12 ways you can help coral reefs

12 Ways YOU Can Help Coral Reefs

If you have ever been so lucky to snorkel or dive on coral reefs you know how amazingly stunning these living structures are. Teeming with life, there is always something new to discover in this vibrant underwater world. Unfortunately, the world’s tropical coral reefs are under threat and with it the abundance of marine species that rely on this habitat for food, shelter and hunting grounds. Everyone can do their bit to help coral reefs though!

emily jupp
Our ambassador Emily Jupp in our Coral Bleaching Suit

We know that a lot of you (our followers and community) care about coral reefs, so we wanted to give you 12 simple and easy tips on how YOU as an individual can help protect them. It doesn’t matter if you live on a tropical island with a coral reef as your next-door neighbour, or if you live in a landlocked country far far away from the equator – here you will find things that YOU can do to help coral reefs independent of where you might live (some of them might surprise you!). 

We have separated our 12 tips into two sections. What you can do to help when you are visiting a coral reef and also things you can do in general around living more sustainably.

 

Be a good visitor!

Things to think about while exploring coral reefs

1) Look but don’t touch!

Coral reefs are very delicate and can easily break, so when you are snorkelling or diving at a reef avoid touching them. Be careful so that you don’t step on them and be aware of your fins so you don’t accidentally kick them. 

2) Anchor in the sand

If you are taking your boat out where there are coral reefs make sure you anchor on the sandy bottom and not on the coral reef! Make sure the direction the anchor might be dragged is not in straight line with a reef.

3) Check your sunscreen!

Is it coral-reef safe? Many sunscreens have chemicals in them that can damage the corals by disrupting their hormones and affect their reproduction, and some can even kill them. Look for sunscreens that are labelled as reef-safe (see Chasing Coral for a list of chemicals to avoid and examples of some safe brands!). Or even better – limit your sunscreen use by wearing a long-sleeved shirt or one of the amazing ocean-mimic swimsuits.

4) Raise awareness!

Awareness helps! When on an organised dive or snorkelling trip to a coral reef, ask them if they are doing anything to support coral reef conservation. If yes – awesome, most likely they will love to hear that you care. If no – by asking them, you show you care which can motivate them to start 😉  

 

Live more sustainably

There are also a lot of things we can do on a daily basis that lead to helping coral reefs. Keep reading for practical tips and how these tips are linked to coral reef protection! 
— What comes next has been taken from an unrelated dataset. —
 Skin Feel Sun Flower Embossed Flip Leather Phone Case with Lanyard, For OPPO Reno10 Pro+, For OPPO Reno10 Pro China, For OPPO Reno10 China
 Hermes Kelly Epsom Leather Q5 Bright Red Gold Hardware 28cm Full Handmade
5) Reduce your greenhouse gas emissions

One of the major threats to corals reefs today is warmer oceans (which leads to coral bleaching). So one of the things we can do – no matter where we live – is to choose options that release less greenhouse gases. This can include choosing more eco-friendly transportation methods (e.g. walk, bike or use public transport instead of a car), reducing your energy use by turning off lights and electronic devices when you are not using them and eating more plant-based food. Check out these 15 tips from the Guardian on how you can reduce your emissions

6) Take out the trash

Recycle and disposed of your trash properly and join beach clean ups! Marine trash can be harmful to coral reefs. For example, some plastic waste can release chemicals that are harmful to corals. 

7) Rethink your wastewater

Reduce your wastewater and the amount of chemicals that is in your wastewater – as this will in many cases eventually end up in the ocean and can be harmful to coral reefs. Eg use biodegradable and eco-friendly detergents (such as bicarbonate of soda)

8) Avoid fertilizers

Runoff from land bring the fertilizers used in gardens to our coastal waters. This can be harmful to the corals, as more nutrients (from fertilizers) can promote the growth of algae on the reefs – the algae can then end up covering the corals and reduce the amount of sunlight they get, which eventually could kill the corals. Therefore, you can help the coral reefs by reducing, or even better avoiding, using fertilizers in your garden. Alternatively find an organic fertilizer. 

9) Plant trees!

More trees mean less runoff from land (which can be harmful to corals) going into the oceans!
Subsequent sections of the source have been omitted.